The Senate approved the accord on the multibillion-dollar project, also known as TAPI pipeline, after it was placed before the house by the Public Welfare Committee.
Dr Ahmad Bashir Samim, the parliamentary panel head, said all the 80 members present during the session voted in favour of the agreement that was signed in late 2010. He added Asian Development Bank-supported scheme, long delayed by security concerns in the region, would cost around US $9 billion (about 450 billion afs).
A feasibility study for the gas pipeline, which will deliver 34 billion m³ of gas annually and earn Afghanistan $430 million a year in transit fee, has already been completed.
Afghan Minister of Mines Wahidullah Shahrani, who visited Ashgabat on April 4, held productive talks with Turkmen President Gurbanguly Berdimuhamedov on the project. Afghan, Pakistani, Indian and Turkmen ministers, as well as an ADB representative, are to meet in Ashgabat later this month to discuss the fate of the project.

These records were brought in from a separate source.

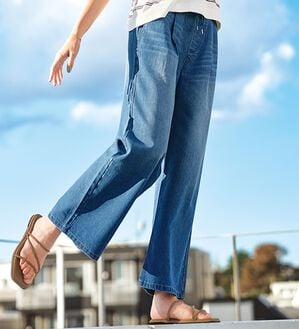 BELLUNA（ベルーナ）の「薄くて軽い！デニムイージーワイドパンツ（ワイドパンツ・ガウチョ）」｜ブルー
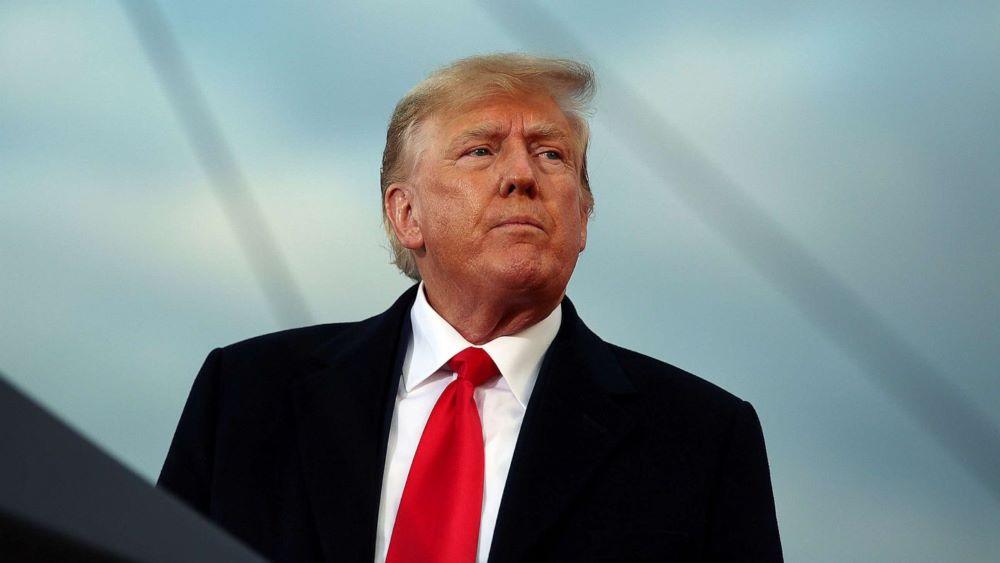 Die US-Staatsanwältin Fani Willis, die im Bundesstaat Georgia das Verfahren gegen Ex-Präsident Donald Trump wegen Wahlmanipulation leitet, hat eine romantische Beziehungen zu einem von ihr eingestellten Sonderankläger eingeräumt. Der ehemalige Präsidenten Donald Trump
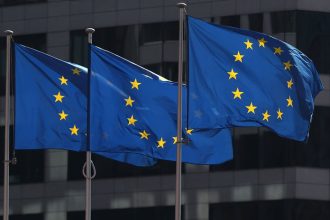 Trump pritvrdil Brusel reaguje hrozia odvetne cla na lietadla auta aj bourbon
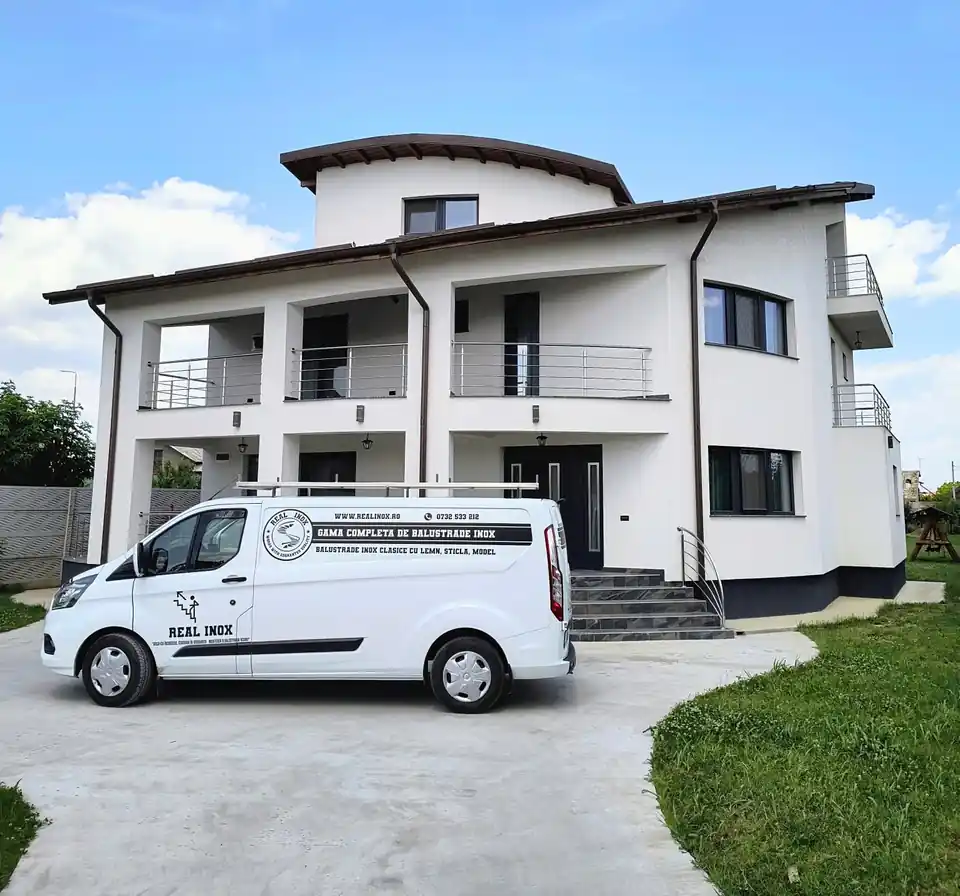 Balustrade inox moderne în Sector 1, București - model realizat de Real Inox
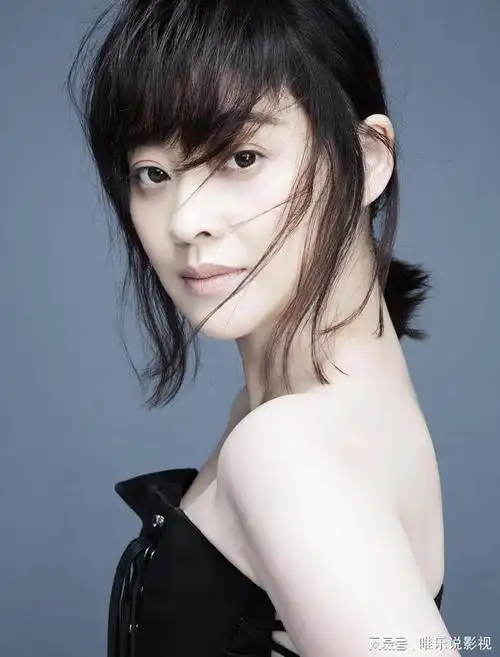 梅婷素颜现身虹桥机场, 眼窝凹陷,皮肤松弛, 老态龙钟愈发明显|大衣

Under Article 90 of the Constitution, parliament is authorized to endorse or reject Afghanistan’s agreements with foreign countries.
The deal would have a lifespan of 30 years and require roughly one trillion cubic meters of Turkmenistan’s gas. Originally planned to be sourced from Dauletabad, the gas will instead, according to Turkmenistan’s President Gurbanguly Berdimuhamedow, come from the massive South Yolotan fields that the British auditing firm Gaffney Kline confirms to hold between 13.1 and 21.2 trillion m³.
Indian Petroleum Ministry officials have confirmed to the Indian press that India will sign the Gas Sales and Purchase Agreement (GSPA) as soon as the cabinet approves the note prepared for its action. This confirmation comes after conflicting reports in the press during the last two weeks of April over whether the tariff levels for final price agreement had been agreed among the sides or not.